Our study has several limitations. First, the data were collected retrospectively, which may produce a population bias. Second, the records of pleural effusion were all based on the results of CT scans, which may not be generalized to a local clinic or a community hospital. And other CT parameters such as retroperitoneal inflammation [17], mesenteric inflammation, and ascites [16] were not evaluated as potential predictors. It will be interesting to analyze and compare these parameters in the future. Third, the AUC (0.86) of the tree model was higher for the test dataset than that for the train dataset (0.84), which can be interpreted either as high accuracy of the model or a high degree of similarity of the training and test datasets. Therefore, one should interpret these findings with caution and the authors have to state clearly that external verification of the tree model in other patient cohorts is mandatory before its application in the future.
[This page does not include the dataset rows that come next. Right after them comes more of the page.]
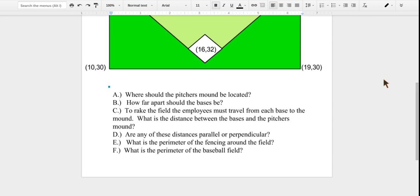Our second question is: how far apart should the bases be? Our third question is: to rake, the employees must travel from each base to the mound. What is the distance between the bases and the pitcher's mound?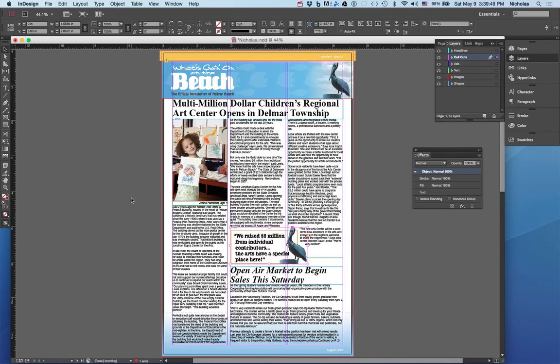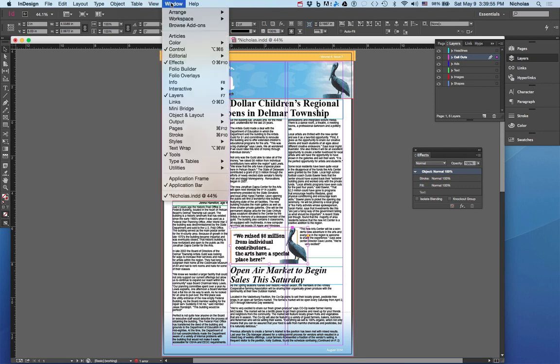Here's a nice easy way to move assets in layers. Go ahead and click on Window and make sure that Layers is checked.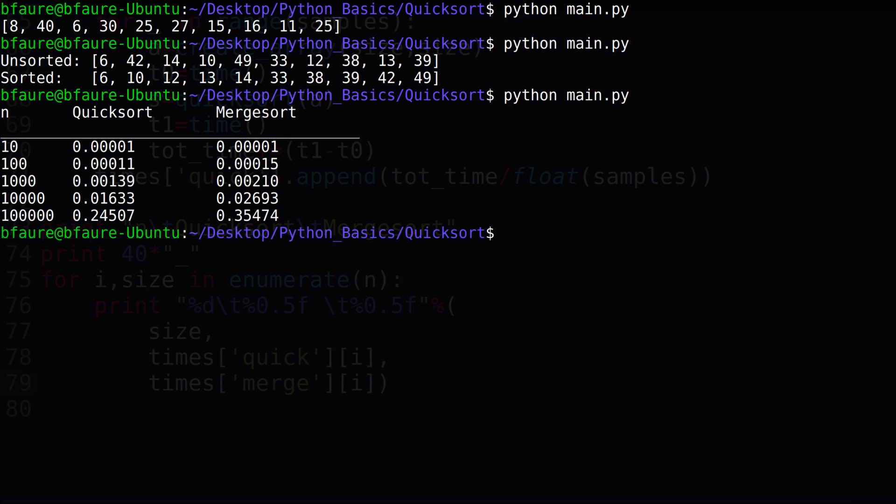As we can see, our new quicksort algorithm is superior for nearly every input size tested. And if you recall from the prior video, merge sort was faster than bubble, selection, and insertion sort, meaning quicksort is, not surprisingly, the quickest of all five.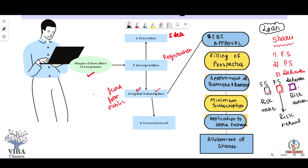Debenture holders say: 'We are ready to give you a loan, but we need security in return, and we want interest on our loan — we don't care whether you make a profit or a loss.' They play it very safe — no risk at all. They gave the company a loan, took a document as proof — that is known as a debenture — and in return got security and a fixed interest. They have no concern with the company's profit or loss.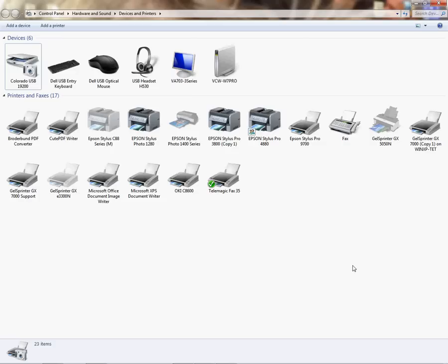You would use this, for example, if your driver keeps reinstalling using a driver you no longer want to use and maybe you want to update your driver or install a different driver using the same printer.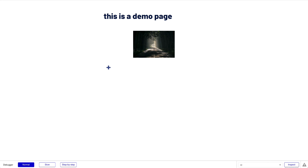Both plugins are available in the Bubble plugin store published under our name, Anticode. If you have any questions, feel free to reach out via email or comment below. Thanks for watching, bye!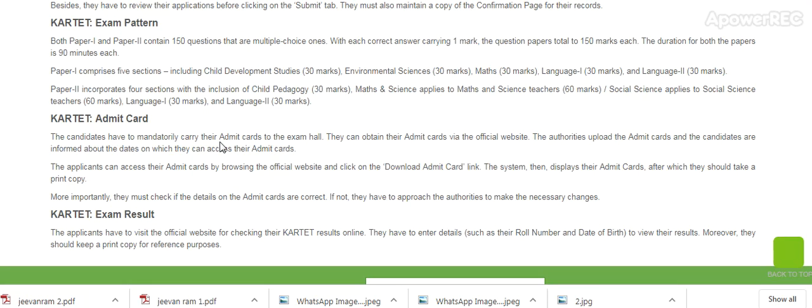Regarding the Admit Card, candidates must mandatorily carry the Admit Card to the exam hall. They can obtain the Admit Card via the official website once it is released. Candidates also have to visit the official website to check the KRTET results online.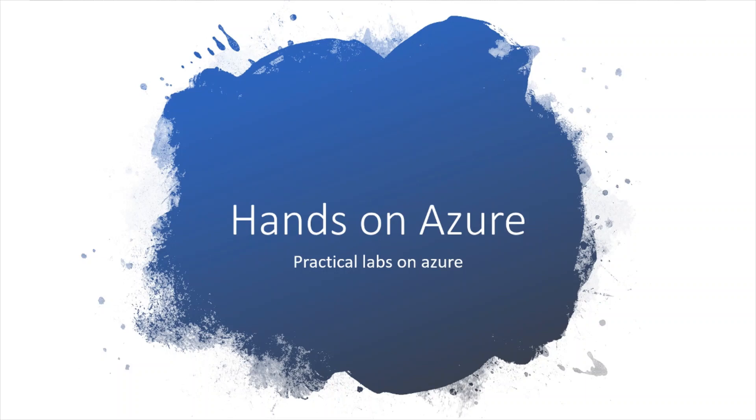Hello and welcome to Tech of the Day. Today I'm going to start a new series about Hands on Azure - practical labs on Azure.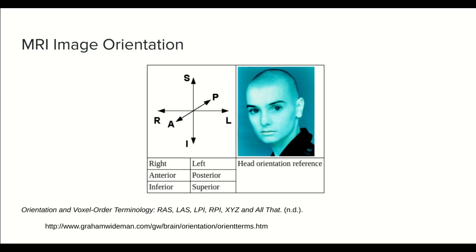Hello everyone, welcome to this new tutorial of the course Brain MRI Preprocessing Techniques. In this tutorial we're going to talk about MRI image orientation.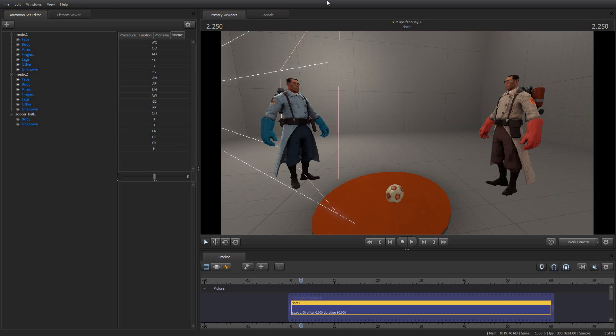Greetings, my friends. Jira Lenz here with your Source Filmmaker Tip of the Day. Today is Tip of the Day number 30.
Lastly, the gold standard of SAP was defined by the Atlanta classification, whose limitations have been highlighted in a number of publications and a call for its revision has been made [3, 2325]. Two additional categories, namely, “moderate” and “critical” AP are introduced [23, 26], of which the “moderate” AP is defined as patients with sterile pancreatic complication or transient organ failure. That the Atlanta classification introduced in 1992 was chosen in the present study was based on the following grounds. It will be convenient to make comparisons with other studies because it is the most widely used classification of AP in the literature. Furthermore, a recent study by Vege et al. [25] showed that patients with “moderate” AP had a low mortality but a high morbidity. They still required an average stay in the intensive care unit (ICU) of 5 days and a total hospital stay of 28 days, both of which are more than expected for patients with mild AP [23, 25]. However, our models were to developed to classify the severity of AP and not for predicting hospital mortality.

In conclusion, we propose a tree model based on CART analysis that may help clinicians to make early severity stratification in AP and identify patients who would most likely benefit from close surveillance.